In honor of American Diabetes Month® in November, the Pitt County Health Department is hosting a free, community awareness event called “Recipe for Success: Prevention and Management of Diabetes” on Thursday, November 15, 2018 from 4pm-5pm at the Pitt County Agricultural Center. The event will feature information about two local programs, the NC Minority Diabetes Prevention Program and the Diabetes Self-Management Education Program. These programs are focused on empowering people to make lifestyle changes that improve their health. Past participants in the programs who have made successful changes will share their stories. Additionally, a cooking demonstration featuring an easy-to-make Black Bean Soup recipe provided by the ECU Physicians Weight Management Program will be offered. The event aims to reach everyone who wants to learn more about diabetes. For more information, please contact 902-2361.

In Eastern North Carolina, we often hear people talking about having “sugar.” This is referring to Diabetes, a condition which signifies elevated levels of blood glucose due to the body’s inability to use insulin properly. Considering the prevalence, it’s likely that most people already know someone who is or will be diagnosed. An estimated 1 out of 10 adults in North Carolina are already diagnosed with diabetes and over 50,000 adults are newly diagnosed each year. Unfortunately, having “sugar” can carry a stigma associated with the diagnosis.

For some, that might mean feeling shame or guilt for not being in control of their health. For others, it could mean hiding their diagnosis from family or friends to avoid perceived judgement. These feelings can be isolating and may lead someone to avoid seeking social support or choose to omit or misreport valuable health information to their healthcare provider for fear of being labeled as uncontrolled or noncompliant. It’s true that managing Diabetes can be challenging, however, improving the language surrounding the diagnosis can make a big difference.

We at the Health Department are following the lead of the American Association of Diabetes Educators and American Diabetes Association by offering hope to people with diabetes and helping them increase their well-being while also decreasing their stress related to having diabetes. Our team strives to praise strengths and celebrate small victories and good faith efforts, and avoid blaming the person when outcomes are not ideal. We know that other health care providers in our community are doing the same.

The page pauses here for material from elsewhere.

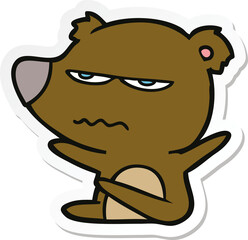sticker of a angry bear cartoon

If you have diabetes, we hope that you will have an open and honest conversation about the real life challenges that you are facing with your health care provider. Diabetes is a continually evolving condition that may require adjustments, so don’t be afraid to voice your concerns. Tell your provider about any difficulties which might make it hard for you to meet your goals. Life happens to all of us. Make sure your health care provider is aware of big life events which affect your diabetes management.

Your health care team wants you to succeed and feel empowered, so it’s important to share all of the details with them. Using facts and empathy to guide decision making is the ultimate goal for providers and it’s worth the extra effort of being an active participant in the conversation. One frequently voiced concern is that the person with diabetes has to eat differently than the whole family or buy special foods. Nothing should be further from the truth. A person following an eating pattern to manage his or her diabetes is following a healthy eating plan. It would be great for the whole family to be engaged in the same eating pattern. A registered dietitian nutritionist can help the whole family. Enrolling in diabetes self management programs can help the whole family be healthy.